スペイン・フランス国境から始まり、オート=ガロンヌ県、ロット=エ=ガロンヌ県、ジロンド県を主に流れ、大西洋へ注いでいる。
今回の洪水はジロンド県(ボルドー周辺)のランゴワランやサント・クロワ・デュ・モン付近で深刻だった。

地図上では、フランス南西部のピレネー山脈東部から北上し、トゥールーズを縦断、ボルドーで右に曲がり大西洋へ。
ボルドー以西はジロンド河口湾として広がっている。
ガロンヌ川の洪水で決壊や深刻な水溢れが報告された主な場所は、フランス南西部のジロンド県(Gironde)とロット=エ=ガロンヌ県(Lot-et-Garonne)だ。
主な被害地点
ランゴワラン(Langoiran): ジロンド県の町で、ガロンヌ川が氾濫し町の一部が浸水。家屋・車両が水没し、橋が閉鎖された。
ラ・レオル(La Réole): 水位が9.5mに達し、堤防決壊の危機。住宅街が完全に水没し、1.3m以上の浸水確認。

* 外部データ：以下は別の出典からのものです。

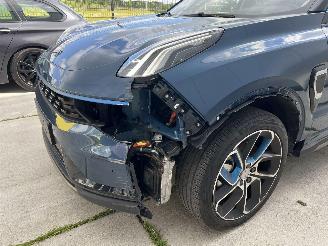 Lynk & Co 01  picture 14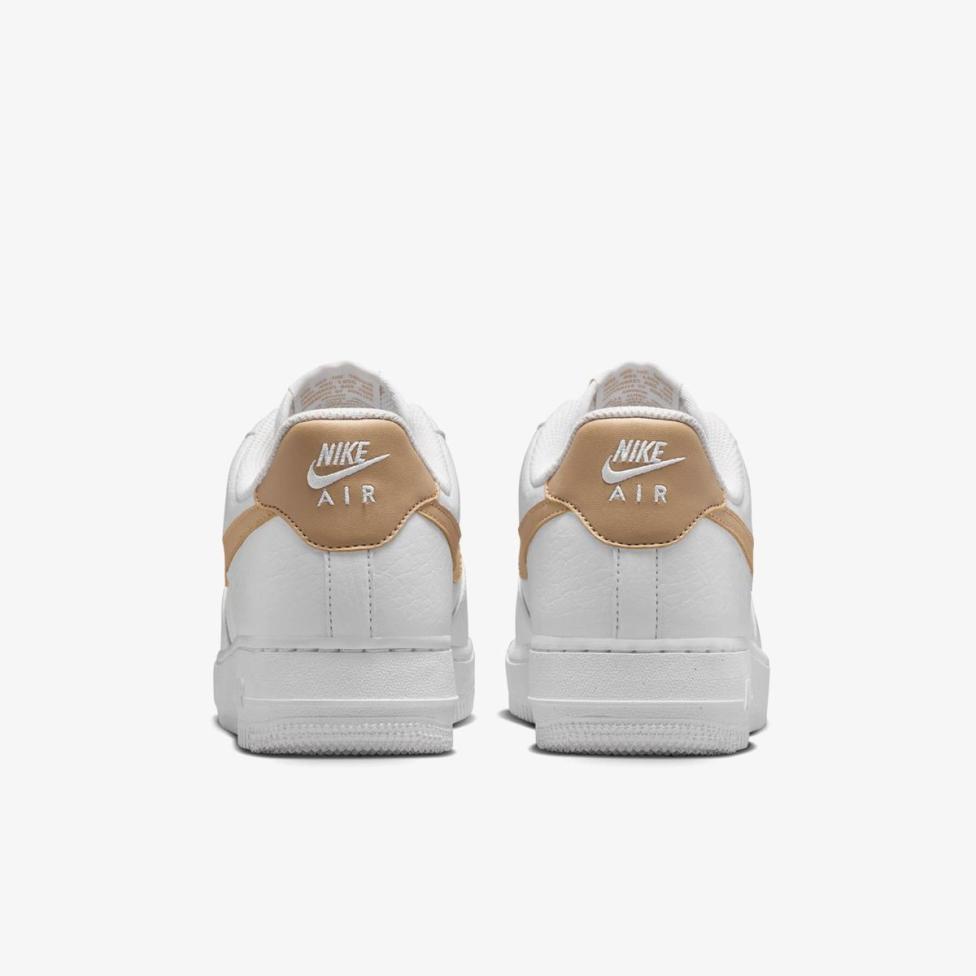 Женские кроссовки NIKE AIR FORCE 1 07 NEXT NATURE DC9486-118_image_6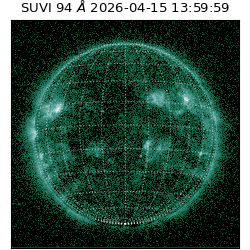 suvi - 2026-04-15T13:59:59.317000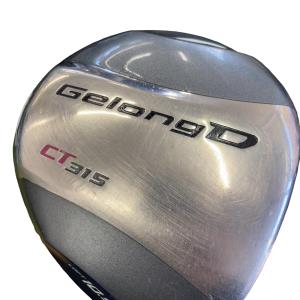 �f�����������@�c�@�b�s�@�R�P�T�@�P�O�D�T°�i�S�V�D�V�T�C���`�j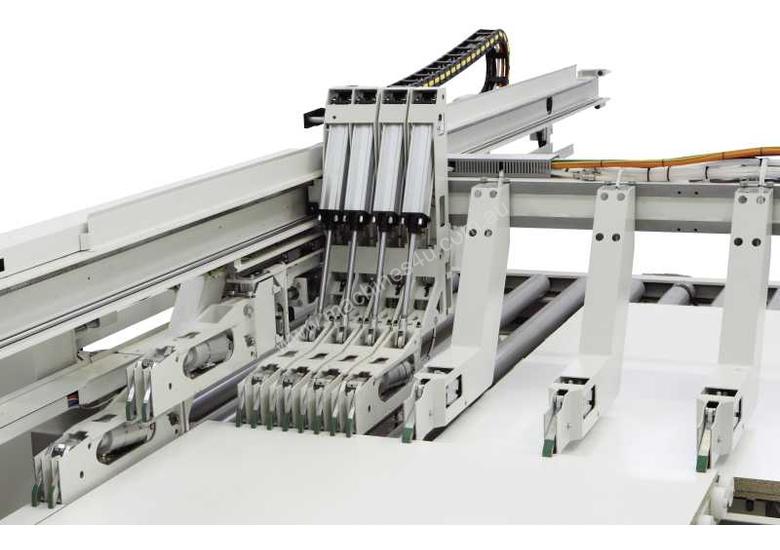 caption Gabbiani Galaxy T3 Plus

マルマンド(Marmande): ロット=エ=ガロンヌ県で大規模氾濫、住民孤立とボート救助が発生。
これらはガロンヌ川中流域で、土壌飽和とニルス嵐の豪雨が原因で赤色警報(最高レベル)が継続。堤防の一部損傷も報告されてる。
冬季の洪水は稀か?
ガロンヌ川流域での2月のような冬季洪水は、フランス南西部では珍しいことではない。
こうした冬季洪水は少なくとも19世紀後半から記録され、20世紀中盤(1950-70年代)には低気圧接近による複数事例が確認されている。
2022年のラ・レオル大洪水も同様で、気候変動以前の自然気象現象が主因だ。
これまでも冬期(11-3月)に低気圧や連続雨による氾濫が複数回記録されており、2022年にもラ・レオルで同様の記録的洪水が発生。

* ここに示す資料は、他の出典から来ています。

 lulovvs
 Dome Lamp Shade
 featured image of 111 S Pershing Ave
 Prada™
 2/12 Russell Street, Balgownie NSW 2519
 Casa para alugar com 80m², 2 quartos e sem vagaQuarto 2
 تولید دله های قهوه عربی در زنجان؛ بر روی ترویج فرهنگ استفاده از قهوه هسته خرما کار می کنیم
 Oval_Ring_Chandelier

過去数十年で5-10年に1度の頻度で赤色警報が出ている。
発生理由は、地中海性気候で秋冬に集中降雨が多く、ピレネー山脈からの融雪や土壌飽和が加わると決壊リスクが高まるため。
ニルスのような嵐は冬型気圧配置での典型型だ。
気候変動説がささやかれるが、たしかに近年(2000年以降)は、豪雨強度が増し頻度がやや上昇傾向だが、根本は地形・土壌飽和によるものだ。
各報道が温暖化を「気候変動の要因」として扱う傾向があるのは近年の趨勢と言って良い。
現在の状況
2月18日現在、フランス南西部のガロンヌ川洪水はピークを過ぎつつありますが、水は完全に引いておらず、高止まり状態が続いている。

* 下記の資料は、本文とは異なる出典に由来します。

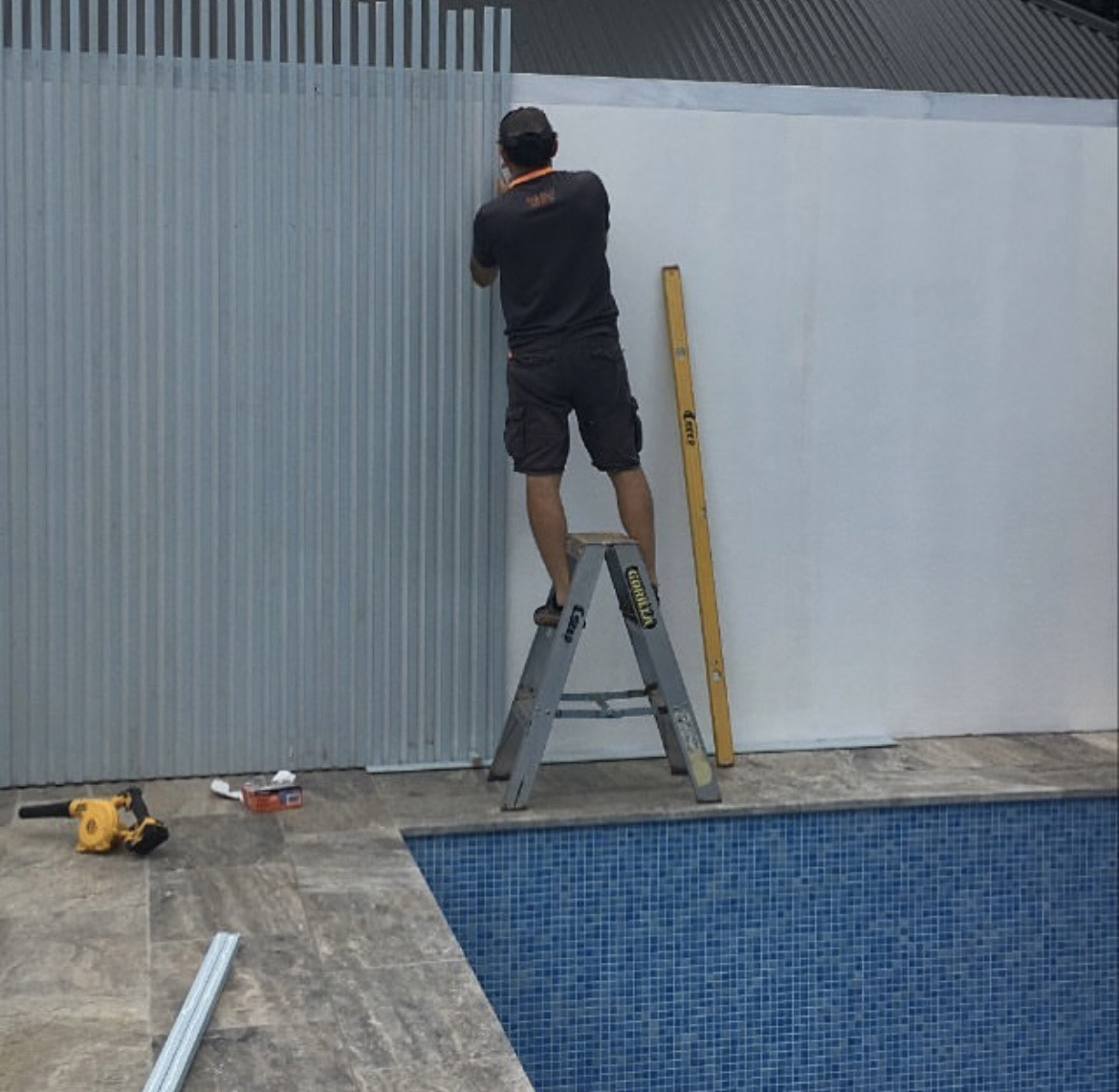 Cammeray NSW - Home Extension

最新の緒情報では、ジロンド県のランゴワランやラ・レオルでは、2月17日時点で赤色警報(最高レベル)が継続中。
水位は徐々に低下傾向ですが、追加降雨と大潮の影響で再上昇の恐れがあり、当局は避難指示を維持している。
復旧の見通しについては、停電は大部分復旧しましたが、道路・橋の閉鎖や浸水家屋の片付けが課題である。
18日夕方(日本時間)時点で完全な水退きには数日を要する見込みだ。